Avranno solidità quando le fondamenta, costruite con materiali scelti con cura e senza parsimonia, poggeranno profondamente e saldamente sul terreno sottostante; utilità, quando la distribuzione dello spazio interno di ciascun edificio di qualsiasi genere sarà corretta e pratica all’uso; bellezza, infine quando l’aspetto dell’opera sarà piacevole per l’armoniosa proporzione delle parti che si ottiene con l’avveduto calcolo delle simmetrie”

Vitruvio nel “De Architectura” sviluppa un concetto costruttivo che può essere racchiuso in tre semplici parole “Firmitas, utilitas, venustas” – solidità, funzione, bellezza – e partendo proprio da queste tre espressioni l’accademia Vivarium Novum di Frascati, nell’incantevole cornice di Villa Falconieri dal 26 al 28 aprile, terrà un Convegno dal titolo “Firmitas, utilitas, venustas: per la rinascita di un’architettura umana”.

Iniziativa estremamente lodevole patrocinata da School of Architecture della Notre Dame University, dal movimento internazionale New traditional architecture, dall’Università degli studi di Roma “Tor Vergata”, dal FAI – Fondo per l’ambiente italiano – Delegazione di Roma, dall‘Ordine degli architetti PPC di Roma e provincia, dall’Ordine degl’ingegneri di Roma, da Pulchria, dallo Studio ACAM, dal Festival dell’innovazione di Frascati.

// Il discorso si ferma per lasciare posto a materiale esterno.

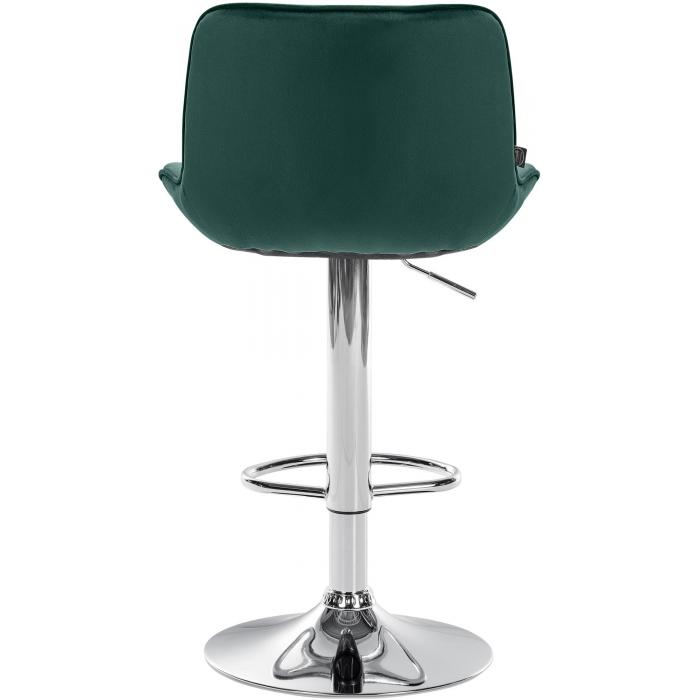 Barhocker HLO-CP303 Samt chrom ~ grn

Un “nuovo approccio della concezione architettonica” si legge nelle parole del Comunicato stampa diffuso in occasione di questo convegno che evidenzia, inoltre, la necessità di individuare “criteri e approcci architettonici e urbanistici rispondenti alle reali necessità materiali e spirituali dell’uomo, che da un lato aspira a proporzione ed equilibrio, dall’altra richiede socialità piena e vitale desiderosa di spazi da condividere con altri” – prosegue il comunicato stampa.

L’architettura deve tornare ad esprimere armonia con i luoghi ed, assieme alla solidità, offrire spazi capaci di rispondere ai bisogni sociali delle persone.

Lo scopo di Accademia Vivarum Novum punta ad una profonda “riflessione che possa approdare ad un rinnovamento delle pratiche culturali, artistiche e architettoniche, affinché esse pongano la naturale disposizione umana verso l’armonia e la bellezza al centro del loro operato, perseguendo inoltre un’idea di continuità, piuttosto che di rottura, coi paesaggi naturali e culturali costruiti attraverso i secoli”.

Un rinascimento architettonico che porti di nuovo l’Uomo al centro di ogni arte.